At least when you’re job hunting while you still have a job, you’re still getting a check. And you know when that check is coming.

So, why make your job hunt even shittier by not having a job that can pay your growing wine bill?

Well, how about not having a shitty job hunting experience at all?

Like Katrina—who got three six-figure offers, while hanging out at home watching Netflix, in a month.

And, yes, you can do it, too.

Here’s what you’re getting wrong about the job hunting process

You’re looking for a new job. You tighten up your resume. You spin up some nicely worded, not too aggressive, but clearly showing interest cover letters. And you’re firing off applications.

And maybe you get some traction. But, you still haven’t actually gotten an offer anywhere.

Problem number 1: you’re doing the same thing that most people are doing and hoping that you’re going to get different results than most people are getting.

It’s not impossible, it’s just not a great strategy. And it’s not the best use of your time.

With that strategy, you’re banking on:

  1. being the best candidate
  2. the right people noticing that you’re the best candidate out of a sea of other applicants

…which brings me to problem number 2.

Katrina and colleagues - The Career Rebrand

Problem number 2: you’re trying to be the best candidate when you should strive to be the only candidate.

Obviously you can’t wave a magic wand and eliminate the competition. However, you can make them irrelevant.

But I’m getting ahead of myself.

You’re trying to be the best candidate when you should strive to be the only candidate. Click To Tweet

Back to Katrina.

Katrina had this struggle, too. Like most people, she applied for jobs normally hoping to be the best candidate and hoped that people would read her resume, see that, interview her, and hire her—back when she wasn’t choosing between three six-figure job offers, while she was willingly unemployed.

Katrina needed to develop her career’s brand. This has made all the difference in the way she’s able to secure opportunities at her job and in her industry.

And, you’ll see, she’s secured a lot of them.

Your job ≠ your career

If you take nothing else from what I’m saying to you today, please, please, PLEASE catch this: your job is not your career.

Make that a mantra: my job is not my career.

Let’s break this down a bit. There’s a huge difference between your job and your career.

Your job is the title you currently hold and the tasks you currently do.

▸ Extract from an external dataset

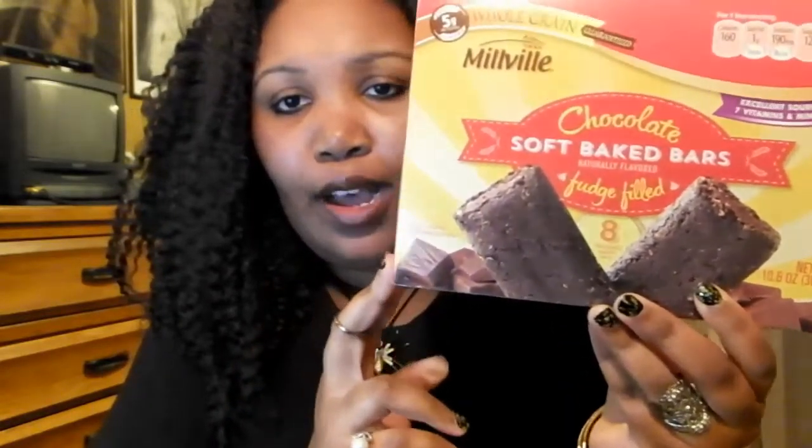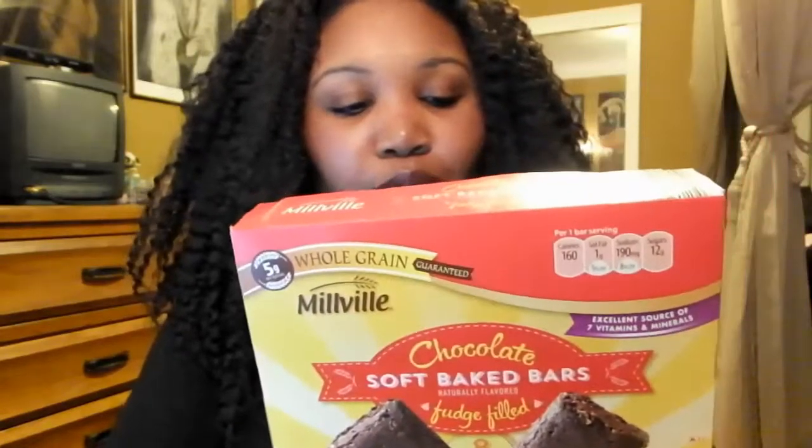You get eight in the box and it was kind of in the middle price-wise — around $2.99. I thought it was a pretty cool buy because the box was really heavy and I wanted something packy and chocolatey. It looks kind of healthy: only 160 calories per bar, seven vitamins and minerals, a whole grain guarantee, 170mg sodium, and it says fudge filled too — so it sounds awesome.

Let’s say you’re a Marketing Associate for a fashion company. Your job requires you to gather data about your customers and target audience and, to the best of your abilities, use that data to make suggestions about marketing strategies you should invest in.

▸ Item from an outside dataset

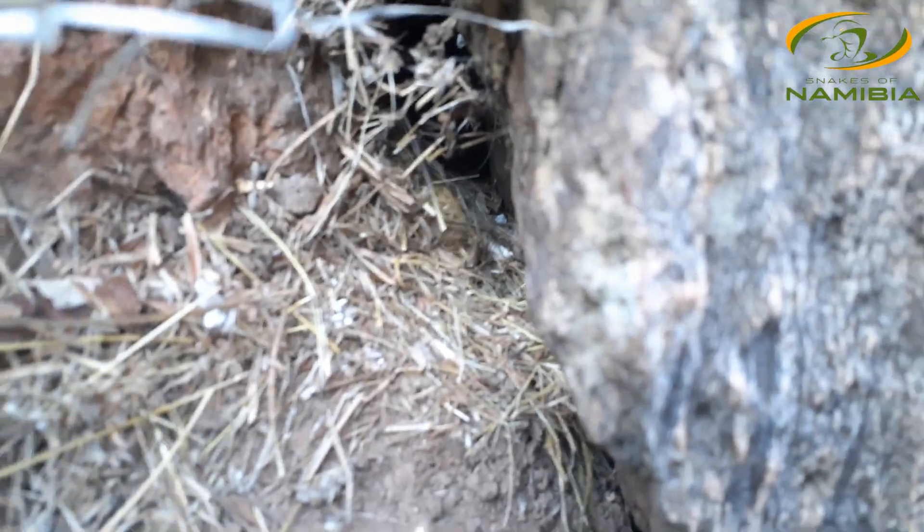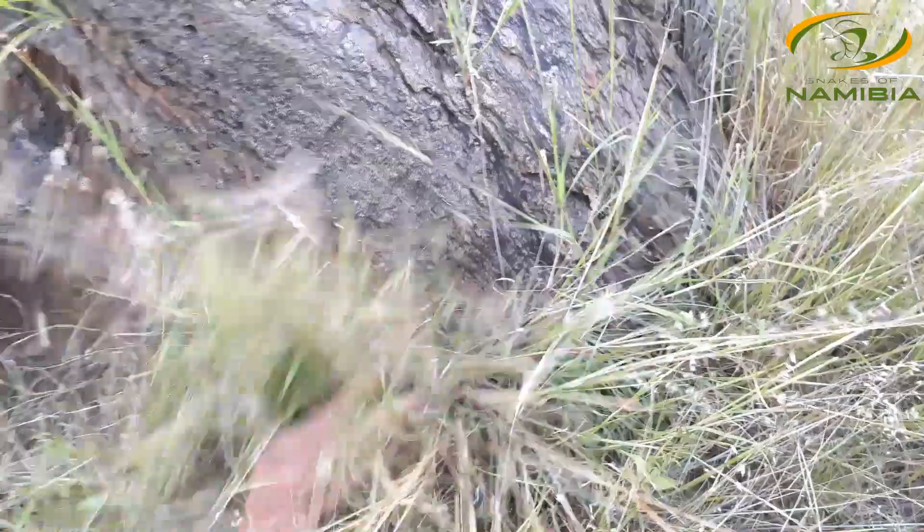Here we go — there's Oreo. As you can see, he's quite shy. He doesn't like to be bothered. He's probably an old man.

Your career field or industry may be in marketing, or you might say it’s in fashion—that choice is really based on where you want to go next. Equally, you can decide that your career truly revolves around doing research and analyzing data. This opens you up to working across industries.

But neither your job, nor your career field or industry, is your career.

Your career is the larger story of the results that you get over the course of your working lifetime. Jobs are just chapters in that story.

People who truly understand this concept, and know how to use their stories, have infinitely more finesse when it comes to securing opportunities and tend to have more interesting careers that they’re excited about.

These people walk into interviews in the position of power because they know that all of their experience and all that they bring to the table—even the stuff that seems “unrelated”—is valuable and relevant to the opportunity they want.

They understand how their unique story positions them as the only candidate capable of making the employer (or the gatekeeper of this opportunity) successful at things they didn’t even ask for because they didn’t even know a candidate could bring it to the table.

Like I said earlier, you don’t want to be the best. You want to be the only.

I particularly love how this finesse works with candidates who come from other fields who think that their experience just isn’t relevant.

Fun fact: most of the jobs and titles I’ve had in my life were created for me once the employer realized that I had skills they didn’t even ask candidates to have. They met me, learned what I could do, and made ways to get me on their teams.

Because I was the only.

And my career’s brand showed that, time and time again.

Your career is the larger story of the results that you get over the course of your working lifetime. Jobs are just chapters in that story. Click To Tweet

Your career’s brand is not only about the jobs you do

This is another very important point that like 99% of people don’t even realize. Welcome to the 1%.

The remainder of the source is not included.